- Action item
Could you print only the lines from the one containing "woman relaxing by a beautiful tropical pool" through the end of the listing below, unchanged?
[Start of Attachment]
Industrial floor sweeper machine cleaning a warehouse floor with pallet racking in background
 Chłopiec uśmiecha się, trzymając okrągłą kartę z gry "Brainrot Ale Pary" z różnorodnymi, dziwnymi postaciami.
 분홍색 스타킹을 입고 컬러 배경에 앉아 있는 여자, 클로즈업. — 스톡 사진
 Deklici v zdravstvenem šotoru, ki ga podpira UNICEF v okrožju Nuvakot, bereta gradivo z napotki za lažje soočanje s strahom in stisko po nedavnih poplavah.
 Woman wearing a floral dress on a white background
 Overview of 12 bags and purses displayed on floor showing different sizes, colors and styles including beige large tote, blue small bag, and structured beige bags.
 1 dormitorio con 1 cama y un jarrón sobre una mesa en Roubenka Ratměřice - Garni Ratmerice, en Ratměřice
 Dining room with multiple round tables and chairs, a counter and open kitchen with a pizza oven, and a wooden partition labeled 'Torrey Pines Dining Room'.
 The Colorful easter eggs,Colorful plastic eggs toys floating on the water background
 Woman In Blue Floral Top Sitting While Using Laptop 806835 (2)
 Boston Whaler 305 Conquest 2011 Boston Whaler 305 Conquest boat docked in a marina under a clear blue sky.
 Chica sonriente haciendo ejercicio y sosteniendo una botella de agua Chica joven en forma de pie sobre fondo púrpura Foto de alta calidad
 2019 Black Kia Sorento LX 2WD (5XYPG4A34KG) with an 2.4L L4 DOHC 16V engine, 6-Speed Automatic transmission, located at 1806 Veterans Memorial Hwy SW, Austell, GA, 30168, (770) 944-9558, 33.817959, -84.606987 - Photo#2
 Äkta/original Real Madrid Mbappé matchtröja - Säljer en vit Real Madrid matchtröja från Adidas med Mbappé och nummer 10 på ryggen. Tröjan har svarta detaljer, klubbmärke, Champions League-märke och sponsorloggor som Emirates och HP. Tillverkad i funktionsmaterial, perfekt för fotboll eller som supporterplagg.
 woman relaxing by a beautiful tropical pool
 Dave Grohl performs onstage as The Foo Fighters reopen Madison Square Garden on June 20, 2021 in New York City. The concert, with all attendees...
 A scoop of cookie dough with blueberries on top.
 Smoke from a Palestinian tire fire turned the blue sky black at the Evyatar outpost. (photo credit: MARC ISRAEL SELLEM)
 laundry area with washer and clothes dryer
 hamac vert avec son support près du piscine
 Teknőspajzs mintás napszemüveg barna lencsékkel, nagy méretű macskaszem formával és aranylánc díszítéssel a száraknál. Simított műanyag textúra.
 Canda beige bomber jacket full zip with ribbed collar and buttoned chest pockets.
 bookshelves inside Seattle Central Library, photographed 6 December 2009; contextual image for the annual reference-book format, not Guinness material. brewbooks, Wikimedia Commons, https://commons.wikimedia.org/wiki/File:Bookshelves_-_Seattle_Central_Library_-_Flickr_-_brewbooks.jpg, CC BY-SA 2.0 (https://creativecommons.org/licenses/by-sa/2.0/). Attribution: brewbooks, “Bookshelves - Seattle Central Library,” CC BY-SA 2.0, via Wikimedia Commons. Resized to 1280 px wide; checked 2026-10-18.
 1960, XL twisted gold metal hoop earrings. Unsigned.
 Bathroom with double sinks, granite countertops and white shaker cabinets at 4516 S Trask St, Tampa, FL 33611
[End of Attachment]
- Solution
 woman relaxing by a beautiful tropical pool
 Dave Grohl performs onstage as The Foo Fighters reopen Madison Square Garden on June 20, 2021 in New York City. The concert, with all attendees...
 A scoop of cookie dough with blueberries on top.
 Smoke from a Palestinian tire fire turned the blue sky black at the Evyatar outpost. (photo credit: MARC ISRAEL SELLEM)
 laundry area with washer and clothes dryer
 hamac vert avec son support près du piscine
 Teknőspajzs mintás napszemüveg barna lencsékkel, nagy méretű macskaszem formával és aranylánc díszítéssel a száraknál. Simított műanyag textúra.
 Canda beige bomber jacket full zip with ribbed collar and buttoned chest pockets.
 bookshelves inside Seattle Central Library, photographed 6 December 2009; contextual image for the annual reference-book format, not Guinness material. brewbooks, Wikimedia Commons, https://commons.wikimedia.org/wiki/File:Bookshelves_-_Seattle_Central_Library_-_Flickr_-_brewbooks.jpg, CC BY-SA 2.0 (https://creativecommons.org/licenses/by-sa/2.0/). Attribution: brewbooks, “Bookshelves - Seattle Central Library,” CC BY-SA 2.0, via Wikimedia Commons. Resized to 1280 px wide; checked 2026-10-18.
 1960, XL twisted gold metal hoop earrings. Unsigned.
 Bathroom with double sinks, granite countertops and white shaker cabinets at 4516 S Trask St, Tampa, FL 33611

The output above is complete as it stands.